Efficient Vector Search with Deep Learning Embeddings in Elasticsearch
The article explains how to replace keyword matching with deep‑learning document embeddings in Elasticsearch by applying PCA dimensionality reduction, indexing vectors using Lucene’s KD‑tree structures via a custom plugin, and leveraging FAISS‑style nearest‑neighbour techniques to achieve fast, semantically aware similarity search.
The article, originally written by Eike Dehling (Textkernel software and data engineer) and translated by Yang Zhentao, describes how to engineer a search system that uses deep‑learning document embeddings instead of traditional keyword matching.
A document embedding is essentially a long numeric array. Finding similar documents therefore becomes a problem of locating other arrays that are close in vector space, typically using Euclidean distance or similar metrics. Because the search is based on embeddings rather than keywords, it can retrieve semantically related documents even when they contain different terms, achieving synonym‑like recall.
The author notes existing tools such as Facebook’s FAISS library, which is fast and supports many vector‑based retrieval methods, but it does not integrate cleanly with search engines like Elasticsearch. Some Elasticsearch plugins exist ( elasticsearch‑vector‑scoring ), yet they lack filtering capabilities and are slower.
Fast Nearest Neighbours
To speed up retrieval, various index structures are used to filter candidates before exact distance computation. Keyword search relies on inverted indexes; geographic search uses KD‑trees. Similar structures are needed for high‑dimensional vectors because brute‑force distance calculation on a large dataset is prohibitively expensive.
FAISS offers several techniques for building such indexes:
PCA dimensionality reduction
K‑means clustering
Locality‑Sensitive Hashing (LSH)
Other methods not listed
After reducing dimensionality, one can employ KD‑trees, clustering, or LSH together with inverted indexes to quickly shortlist near‑neighbors, then compute precise distances on this smaller set.
Elasticsearch Plugin
Lucene (the underlying library of Elasticsearch) already implements KD‑tree structures, but they are not exposed via the Elasticsearch API. A small custom plugin can expose vector distance calculations; the source code is available at github.com/EikeDehling/vector-search-plugin .
Integration Work
The integration steps are analogous to assembling a puzzle:
Install the Elasticsearch plugin
Perform PCA dimensionality reduction (using Python/sklearn or Java/Smile)

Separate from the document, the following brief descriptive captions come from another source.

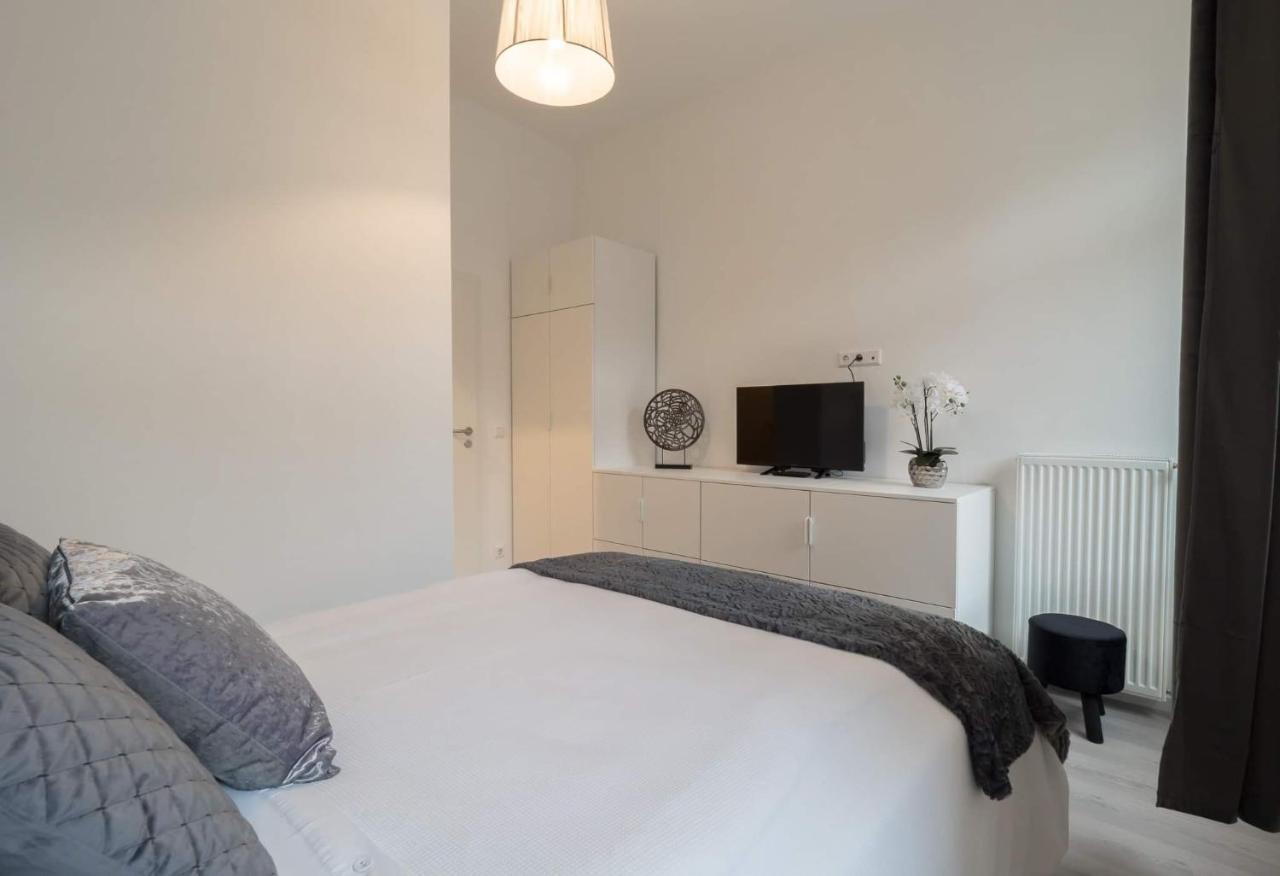Executive Double Room With En-Suite In Guest House City Centre R4 لوكسمبورغ المظهر الخارجي الصورة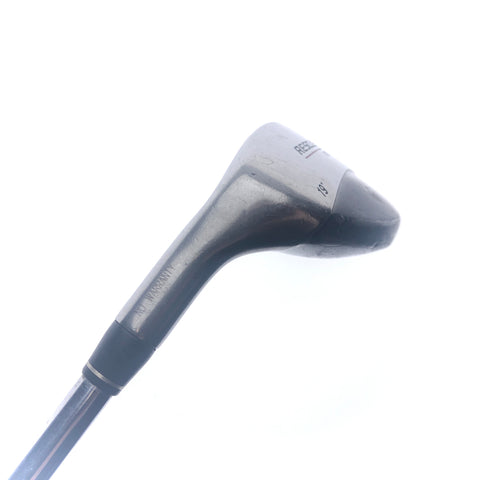 Used TaylorMade Rescue Mid 3 Hybrid / 19 Degrees / Regular Flex / Left-Handed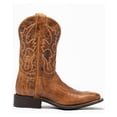thumbnail image 2 of Cody James Men's Western Boot Square Toe - BCJFA19P2 7 1/2 EE  US, 2 of 7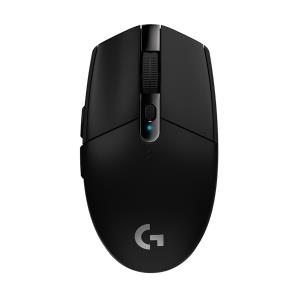 G305 Lightspeed Wireless Gaming Mouse Black Ewr 2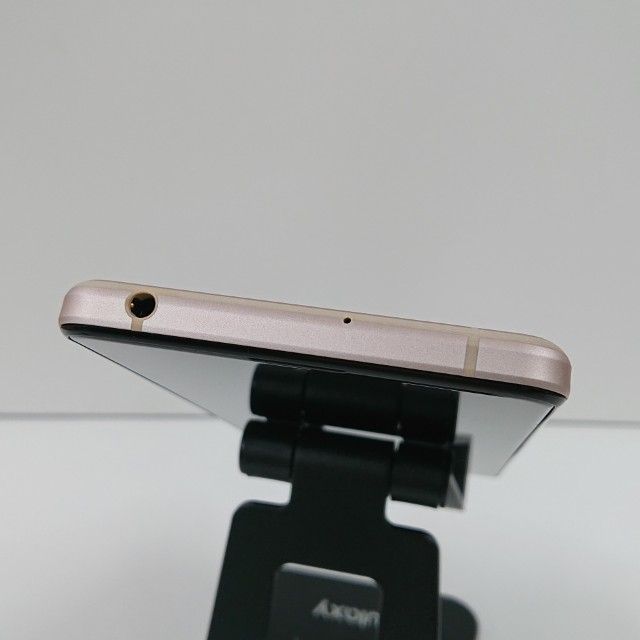 AQUOS sense5G SHG03 au ライトカッパー AQUOS sense5G SHG03 au ライトカッパー 送料無料 本体 c16623 - メルカリ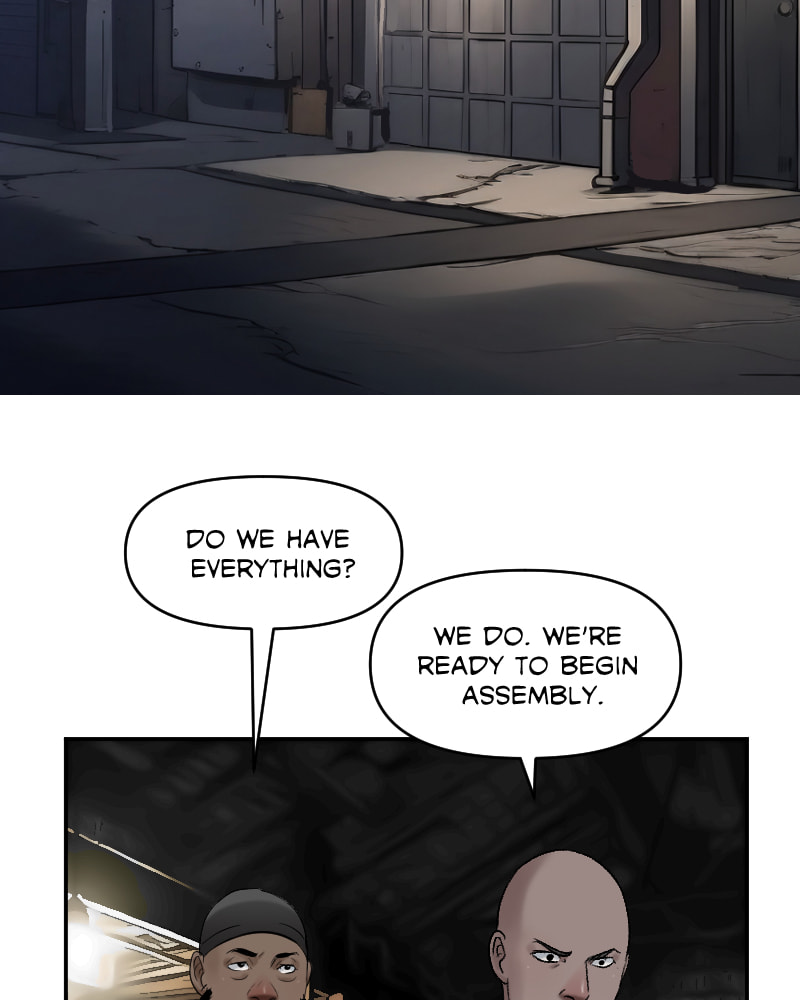 Read Possessed chapter 67 image 29 on Lezhin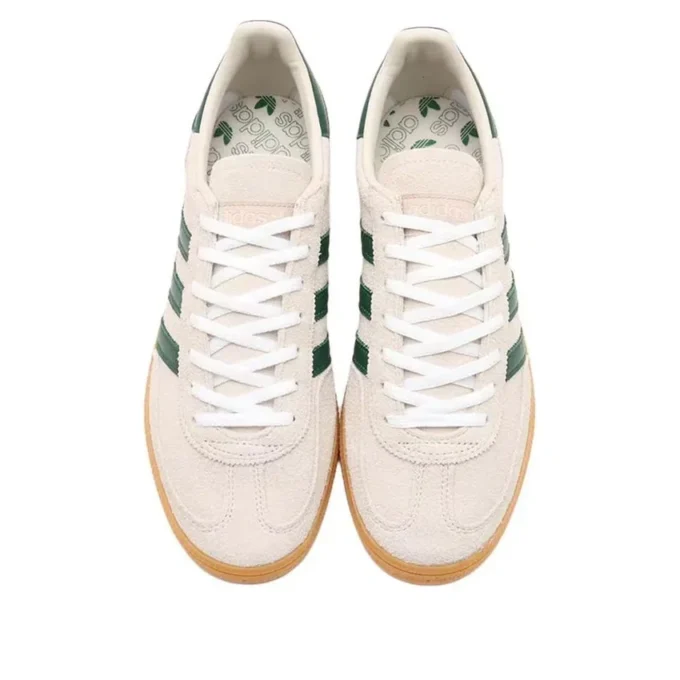 Adidas Handball Spezial “Alumina Collegiate Green”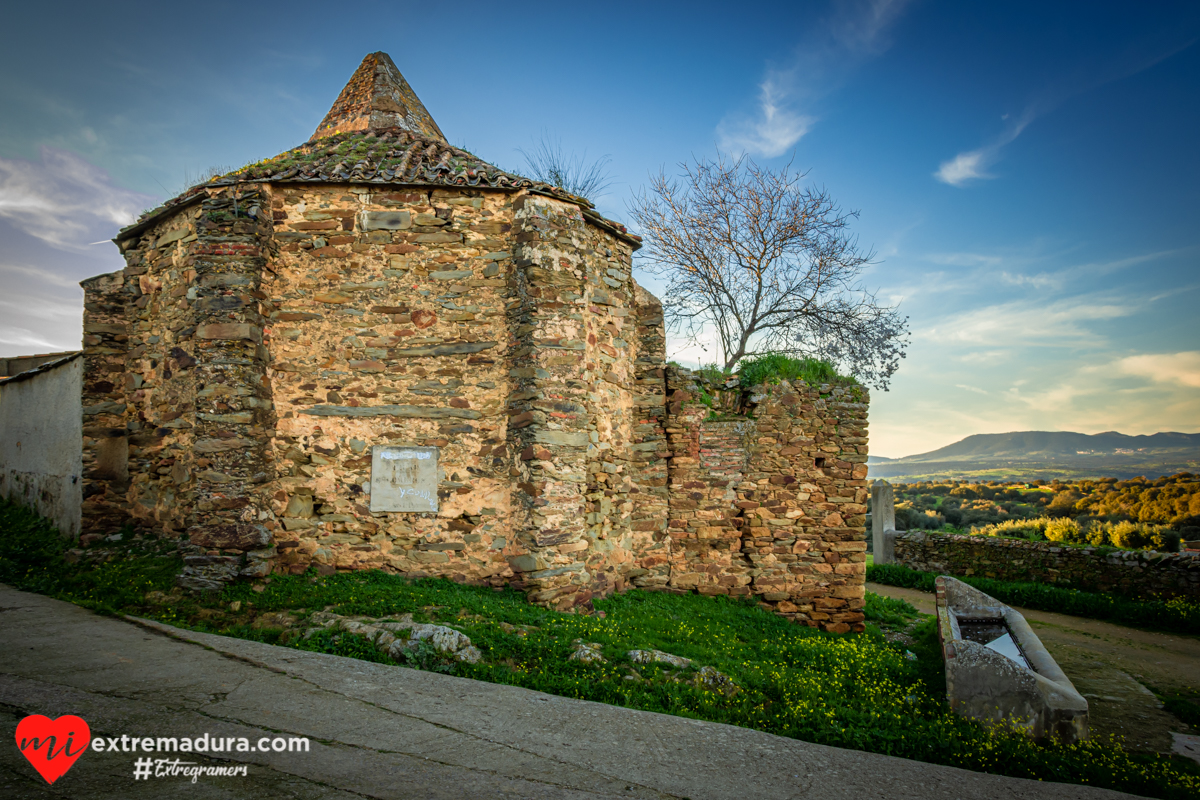 Los Réprobos de Talaván · 392 años de olvido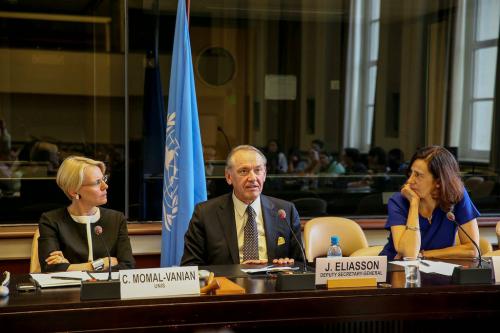 ADJNU - NATIONS-UNIES (7) 16211340877 l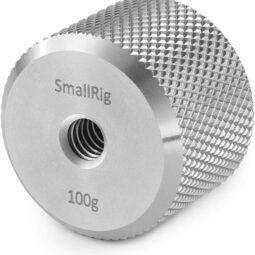 Contre Poids vissable en 1/4" (100g)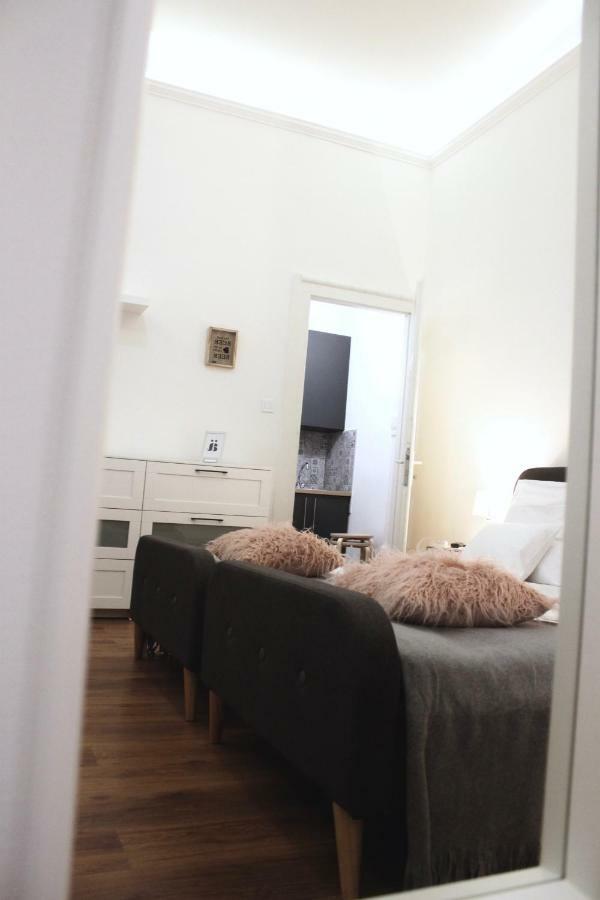 City Center Apartman - Weidlich Palace - Miskolc Ngoại thất bức ảnh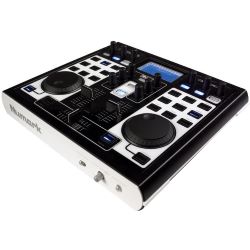 Numark NuVJ Video Controller
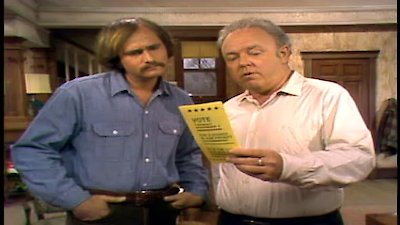All in the Family Season 2 Episode 6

Index the reduced vectors (and any additional fields) into Elasticsearch
Query the index using the new vector‑search capabilities
Example search request (wrapped in a code block):
POST my_index/_search
{
"query": {
"function_score": {
"query": {
"range": {
"pca_reduced_vector": {
"from": "-0.5,-0.5,-0.5,-0.5,-0.5,-0.5,-0.5,-0.5",
"to": "0.5,0.5,0.5,0.5,0.5,0.5,0.5,0.5"
}
}
},
"functions": [
{
"script_score": {
"script": {
"inline": "vector_scoring",
"lang": "binary_vector_score",
"params": {
"vector_field": "full_vector",
"vector": [ 0.0, 0.0716, 0.1761, 0.0, 0.0779, 0.0, 0.1382, 0.3729 ]
}
}
}
}
],
"boost_mode": "replace"
}
},
"size": 10
}Conclusion
The article demonstrates how deep‑learning vector embeddings can be leveraged for fast, accurate similarity search. This approach is useful for any scenario where keyword search falls short, and embeddings can be generated with models such as doc2vec. The combination of PCA reduction, KD‑tree indexing, and a custom Elasticsearch plugin yields a practical, high‑performance solution.